Rumelt: The gifts of my EE training were many. First there is a capability in mathematics. Second is an appreciation that technical skills are only acquired by drill and practice.  Finally, there is a confidence that I can understand almost all technical issues if I apply myself. That keeps me from shying away from a wide range of problems and settings.

Morris: Most change initiatives either fail or fall far short of original expectations. Why?

Rumelt: Change is difficult and it takes time. It is hard for people to change their own behavior, much less that of others. Change programs normally address attitudes, ideas, and rewards. But the behaviors of people in organizations are also strongly shaped by habits, routines, and social norms. Real change requires new power relationships, new work routines and new habits, not just intent.

Morris: In Leading Change, James O’Toole suggests some of the strongest resistance to change is cultural in nature, the result of what he so aptly characterizes as “the ideology of comfort and the tyranny of custom.” What do you think?

Rumelt: I agree with O’Toole that custom and comfort are impediments to change. However, it is important to recognize that resistance to change is logical as well. The new “change masters” literature seems to take change as the norm. It isn’t. Humans naturally see change as risky because it is risky, just as mutations in genes are mostly destructive. You would not want to go to work were everything changed every week! The phone system, the office assignments, who reports to who, and the whole set of job expectations.

Morris: How best to avoid or overcome such resistance?

Rumelt: You overcome the logical resistance to change by proving that a new approach actually works, usually on a small scale.

Morris: Peter Drucker and Michael Porter have provided many valuable insights. For example, from Drucker: “There is surely nothing quite so useless as doing with great efficiency what should not be done at all.” And now from Porter: “The essence of strategy is choosing what not to do.” What are your own thoughts about all this?

Rumelt: Drucker and Porter are each pointing at vital, though slightly different, aspects of strategy. A good strategy focuses efforts on a target, and that focus can only be achieved by not diffusing energy in other directions—that is the meaning of Porter’s dictum of  “choosing what not to do.” At the same time, a good strategy chooses the right target to focus on, not wasting the focus of energy on a target that cannot be affected or that is unimportant—that is the meaning of Drucker’s distinction between efficiency and effectiveness.

Morris: The percentages vary among recent research studies but they all suggest that, on average, C-level executives spend about 10% of their time discussing strategy on a weekly basis and a substantial majority of employees have no idea what their organization’s strategy is.  How do you explain these rather astonishing statistics?

Rumelt: Many C-level executives use the term to refer to big deals or forward-looking financial goals and plans.
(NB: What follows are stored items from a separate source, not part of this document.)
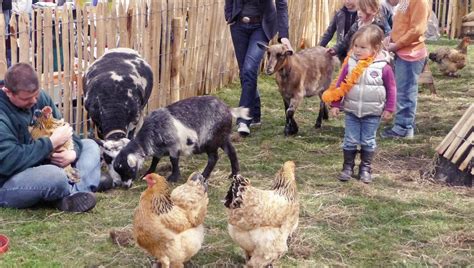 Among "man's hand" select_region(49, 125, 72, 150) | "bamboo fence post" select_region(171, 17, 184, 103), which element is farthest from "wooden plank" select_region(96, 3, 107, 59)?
"man's hand" select_region(49, 125, 72, 150)

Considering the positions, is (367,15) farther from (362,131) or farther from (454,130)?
(454,130)

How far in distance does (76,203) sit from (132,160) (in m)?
Result: 0.80

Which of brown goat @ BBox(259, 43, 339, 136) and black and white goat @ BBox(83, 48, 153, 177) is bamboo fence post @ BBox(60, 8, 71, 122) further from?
brown goat @ BBox(259, 43, 339, 136)

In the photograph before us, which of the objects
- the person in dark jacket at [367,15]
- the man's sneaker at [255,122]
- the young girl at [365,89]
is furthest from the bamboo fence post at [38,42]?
the person in dark jacket at [367,15]

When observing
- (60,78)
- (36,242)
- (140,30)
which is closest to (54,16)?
(60,78)

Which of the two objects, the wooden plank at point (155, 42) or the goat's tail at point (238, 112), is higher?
the wooden plank at point (155, 42)

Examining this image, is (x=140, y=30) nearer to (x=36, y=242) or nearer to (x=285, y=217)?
(x=36, y=242)

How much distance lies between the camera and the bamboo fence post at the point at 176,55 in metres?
8.88

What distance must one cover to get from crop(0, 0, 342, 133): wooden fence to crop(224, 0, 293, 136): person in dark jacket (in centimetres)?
102

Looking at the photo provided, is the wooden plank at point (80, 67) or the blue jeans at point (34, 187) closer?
the blue jeans at point (34, 187)

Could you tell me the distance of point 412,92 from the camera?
8.15 m

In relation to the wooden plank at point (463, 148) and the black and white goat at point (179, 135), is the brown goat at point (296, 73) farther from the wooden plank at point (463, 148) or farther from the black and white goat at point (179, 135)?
the wooden plank at point (463, 148)

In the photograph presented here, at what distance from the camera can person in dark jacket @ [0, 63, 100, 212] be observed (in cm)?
518

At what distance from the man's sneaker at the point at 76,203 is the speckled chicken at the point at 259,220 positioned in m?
1.80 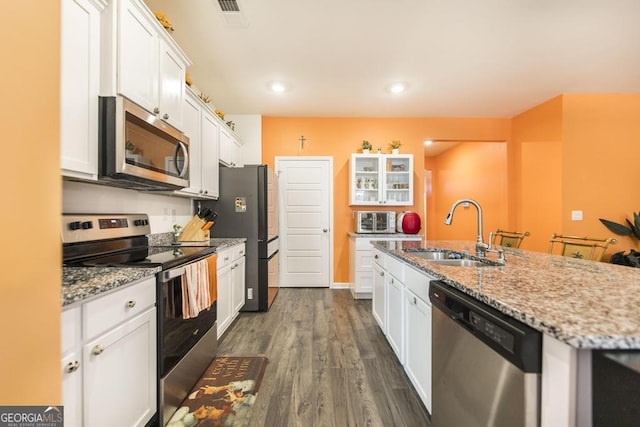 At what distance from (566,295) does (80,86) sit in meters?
2.15

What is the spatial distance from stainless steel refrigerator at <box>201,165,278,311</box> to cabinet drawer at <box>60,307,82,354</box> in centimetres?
218

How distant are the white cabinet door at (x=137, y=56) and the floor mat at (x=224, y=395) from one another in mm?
1826

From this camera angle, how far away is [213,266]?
2020mm

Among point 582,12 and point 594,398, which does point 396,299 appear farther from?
point 582,12

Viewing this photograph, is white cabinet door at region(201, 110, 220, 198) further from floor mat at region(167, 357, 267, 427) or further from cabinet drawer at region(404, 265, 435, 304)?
cabinet drawer at region(404, 265, 435, 304)

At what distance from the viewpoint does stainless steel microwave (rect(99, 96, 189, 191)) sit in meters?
1.38

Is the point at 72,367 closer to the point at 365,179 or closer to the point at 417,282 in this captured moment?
the point at 417,282

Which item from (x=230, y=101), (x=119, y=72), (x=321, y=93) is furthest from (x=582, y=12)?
(x=230, y=101)

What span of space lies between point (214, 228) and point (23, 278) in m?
2.68

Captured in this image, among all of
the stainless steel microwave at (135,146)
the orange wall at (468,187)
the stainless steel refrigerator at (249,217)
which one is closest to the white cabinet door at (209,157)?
the stainless steel refrigerator at (249,217)

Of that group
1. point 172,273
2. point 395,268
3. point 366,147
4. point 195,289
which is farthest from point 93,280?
point 366,147

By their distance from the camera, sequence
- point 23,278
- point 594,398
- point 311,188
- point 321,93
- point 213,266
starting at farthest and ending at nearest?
1. point 311,188
2. point 321,93
3. point 213,266
4. point 594,398
5. point 23,278

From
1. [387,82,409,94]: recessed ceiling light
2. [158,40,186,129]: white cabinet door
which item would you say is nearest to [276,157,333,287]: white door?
[387,82,409,94]: recessed ceiling light

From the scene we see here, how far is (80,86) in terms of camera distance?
125cm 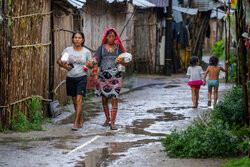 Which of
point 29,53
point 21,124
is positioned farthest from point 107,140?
point 29,53

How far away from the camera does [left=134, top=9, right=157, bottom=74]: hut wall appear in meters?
18.6

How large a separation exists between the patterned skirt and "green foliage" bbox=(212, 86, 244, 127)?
1816 millimetres

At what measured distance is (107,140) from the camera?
21.1 ft

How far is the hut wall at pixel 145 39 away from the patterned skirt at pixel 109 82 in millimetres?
11160

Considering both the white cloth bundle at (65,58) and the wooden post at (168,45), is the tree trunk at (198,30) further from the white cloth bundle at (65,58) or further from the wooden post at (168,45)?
the white cloth bundle at (65,58)

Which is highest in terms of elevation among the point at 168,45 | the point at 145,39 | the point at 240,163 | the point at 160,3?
the point at 160,3

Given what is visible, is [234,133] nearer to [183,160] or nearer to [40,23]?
[183,160]

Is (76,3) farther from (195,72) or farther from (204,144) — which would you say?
(204,144)

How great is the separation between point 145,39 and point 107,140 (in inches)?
496

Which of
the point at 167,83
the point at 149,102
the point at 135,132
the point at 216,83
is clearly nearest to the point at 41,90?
the point at 135,132

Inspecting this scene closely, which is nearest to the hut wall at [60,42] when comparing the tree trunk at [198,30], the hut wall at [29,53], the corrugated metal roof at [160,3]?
the hut wall at [29,53]

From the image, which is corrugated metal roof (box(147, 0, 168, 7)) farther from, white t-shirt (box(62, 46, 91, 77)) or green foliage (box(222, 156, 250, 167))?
green foliage (box(222, 156, 250, 167))

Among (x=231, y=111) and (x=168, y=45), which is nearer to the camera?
(x=231, y=111)

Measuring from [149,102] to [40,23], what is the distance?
405cm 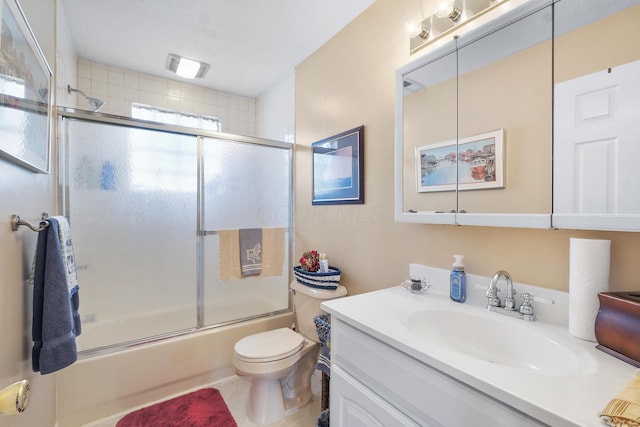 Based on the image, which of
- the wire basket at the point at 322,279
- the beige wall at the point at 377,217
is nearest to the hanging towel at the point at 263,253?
the beige wall at the point at 377,217

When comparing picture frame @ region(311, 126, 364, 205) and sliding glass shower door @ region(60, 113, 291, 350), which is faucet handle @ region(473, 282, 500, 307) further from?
sliding glass shower door @ region(60, 113, 291, 350)

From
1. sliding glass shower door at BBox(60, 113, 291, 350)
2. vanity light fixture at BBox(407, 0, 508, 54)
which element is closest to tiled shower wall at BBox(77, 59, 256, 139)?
sliding glass shower door at BBox(60, 113, 291, 350)

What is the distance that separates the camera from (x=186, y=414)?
1.64m

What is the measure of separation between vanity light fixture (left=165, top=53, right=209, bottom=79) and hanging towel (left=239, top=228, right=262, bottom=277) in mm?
1419

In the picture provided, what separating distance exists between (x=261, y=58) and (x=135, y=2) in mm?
841

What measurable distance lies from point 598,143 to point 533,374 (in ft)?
2.20

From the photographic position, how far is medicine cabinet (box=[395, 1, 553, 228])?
94cm

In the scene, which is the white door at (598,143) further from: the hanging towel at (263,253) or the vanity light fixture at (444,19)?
the hanging towel at (263,253)

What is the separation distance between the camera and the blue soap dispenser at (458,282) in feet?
3.74

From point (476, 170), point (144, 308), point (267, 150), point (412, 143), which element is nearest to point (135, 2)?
point (267, 150)

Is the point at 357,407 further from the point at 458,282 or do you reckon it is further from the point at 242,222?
the point at 242,222

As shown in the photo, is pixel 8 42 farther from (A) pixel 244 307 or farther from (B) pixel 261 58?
(A) pixel 244 307

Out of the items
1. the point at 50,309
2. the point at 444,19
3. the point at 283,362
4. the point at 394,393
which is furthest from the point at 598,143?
the point at 50,309

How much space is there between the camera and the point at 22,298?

Others use it to mean overall “visions” or “missions,” or other corporate slogans. However, a real strategy is a coherent mix of policy and action designed to overcome a significant challenge. So a sensible employee might indeed say that they have no idea what the organization’s strategy is—because it seems to have none. Senior managers’ so-called “strategies” are heavy with aspirations and goals, but light on how resources and strengths will be combined to achieve them.
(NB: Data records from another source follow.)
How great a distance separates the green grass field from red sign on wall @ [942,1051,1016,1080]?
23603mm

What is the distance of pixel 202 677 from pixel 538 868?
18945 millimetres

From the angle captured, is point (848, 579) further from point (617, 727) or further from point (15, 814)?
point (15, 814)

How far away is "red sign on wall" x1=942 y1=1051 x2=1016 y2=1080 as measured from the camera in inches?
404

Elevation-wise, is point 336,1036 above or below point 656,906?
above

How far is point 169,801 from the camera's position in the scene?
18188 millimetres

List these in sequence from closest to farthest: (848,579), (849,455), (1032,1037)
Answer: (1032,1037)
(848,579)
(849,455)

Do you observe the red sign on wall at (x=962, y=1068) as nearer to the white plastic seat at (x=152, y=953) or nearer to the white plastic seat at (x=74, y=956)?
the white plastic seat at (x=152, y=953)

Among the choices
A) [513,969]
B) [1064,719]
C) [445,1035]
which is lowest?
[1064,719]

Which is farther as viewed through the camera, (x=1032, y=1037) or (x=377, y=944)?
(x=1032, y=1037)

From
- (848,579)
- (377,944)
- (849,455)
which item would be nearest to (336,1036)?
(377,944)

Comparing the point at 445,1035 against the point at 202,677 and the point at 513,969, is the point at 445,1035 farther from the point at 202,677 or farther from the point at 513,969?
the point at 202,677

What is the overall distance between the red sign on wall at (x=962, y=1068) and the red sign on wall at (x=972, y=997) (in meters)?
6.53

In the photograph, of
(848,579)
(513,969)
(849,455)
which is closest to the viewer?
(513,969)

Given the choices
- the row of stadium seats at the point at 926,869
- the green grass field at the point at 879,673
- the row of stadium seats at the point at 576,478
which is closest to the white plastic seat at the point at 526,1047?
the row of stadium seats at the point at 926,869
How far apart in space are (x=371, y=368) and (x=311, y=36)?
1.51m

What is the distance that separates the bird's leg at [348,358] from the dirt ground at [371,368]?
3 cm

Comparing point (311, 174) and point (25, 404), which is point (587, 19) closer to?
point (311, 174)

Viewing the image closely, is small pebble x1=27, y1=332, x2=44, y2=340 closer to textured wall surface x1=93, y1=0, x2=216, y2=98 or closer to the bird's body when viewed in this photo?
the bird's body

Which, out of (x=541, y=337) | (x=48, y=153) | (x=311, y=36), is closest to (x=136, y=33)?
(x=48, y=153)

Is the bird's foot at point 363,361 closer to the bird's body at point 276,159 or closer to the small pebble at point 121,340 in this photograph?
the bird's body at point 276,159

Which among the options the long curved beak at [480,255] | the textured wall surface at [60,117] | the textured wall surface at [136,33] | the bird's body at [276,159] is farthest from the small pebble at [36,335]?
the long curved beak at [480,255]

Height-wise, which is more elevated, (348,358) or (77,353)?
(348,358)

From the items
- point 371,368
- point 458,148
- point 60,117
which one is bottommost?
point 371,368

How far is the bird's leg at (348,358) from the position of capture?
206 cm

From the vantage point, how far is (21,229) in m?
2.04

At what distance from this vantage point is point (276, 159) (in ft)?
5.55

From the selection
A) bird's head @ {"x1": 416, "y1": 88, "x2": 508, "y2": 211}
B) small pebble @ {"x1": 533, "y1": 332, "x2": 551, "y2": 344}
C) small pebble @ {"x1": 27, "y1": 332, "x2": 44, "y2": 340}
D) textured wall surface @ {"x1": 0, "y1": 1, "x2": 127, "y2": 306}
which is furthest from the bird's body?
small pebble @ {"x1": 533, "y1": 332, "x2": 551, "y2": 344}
Morris: In your opinion, who in the given enterprise should be involved in the formulation of its strategy?

Rumelt: Small groups of very senior people. Real strategy is not bottom up because it deals with issues that require unexpected or unusual types action, especially of coordination among units.

Morris: Is it desirable for an organization to pursue more than one strategy at the same time? What do you think?

Rumelt: It depends on the size and complexity of the organization. The US, for example, needs military/defense, economic, and social strategies. A medium-sized business, by contrast, is normally best off focusing its efforts on a single crucial objective.

Morris: What is the single most disruptive misconception about strategy that senior-level executives have?

Rumelt: The single most damaging misconception about strategy is that it is a set of financial performance goals. The so-called “strategies” created by many managements are nothing more than three-to-five year financial performance forecasts. They are then labeled “strategy” and shipped off to the board of directors which goes through the motions of discussing how big the numbers are. Strategy is not your aspirations. Strategy is concerned with how you will arrange your actions and resources to punch through the challenges you face.

Morris: Now please shift your attention to Good Strategy/Bad Strategy. When and why did you decide to write it?

Rumelt: For years I wanted to write a book about strategy. I wanted, especially, to write an honest book about strategy, one that honored the subject’s mystery and difficulty. But it is not that easy to write down what you know. Books on business have become as formula-bound as diet books and their familiar structures and rhythms effortlessly infect the logic and cadences of one’s own writing and thinking. Start to write for managers and fingers begin to tap out stylized chapter titles promising victory and riches: “Strategies of the Winners”  . . . “The Dynamic Path to Profit” . . . “Building a Global Mindset.” Start to write for academics and the structure is the article, not the book, and the academy is interested in what you can prove, or demonstrate, with respect to a currently active scholarly debate: “Resource-Based Competition With Uncertain Resource Extents” . . . . . “Attacking the Endogeneity Problem in Estimates of Size Performance Associations.”  Start to write a textbook for students and one is supposed to produce an even-handed treatment of vast stretches of intellectual terrain that you secretly find boring or believe are fatally wrong-headed: “Evaluating Functional Resources” . . . “SWOT Analysis” . . . “Strategic Incentives and the Balanced Scorecard.”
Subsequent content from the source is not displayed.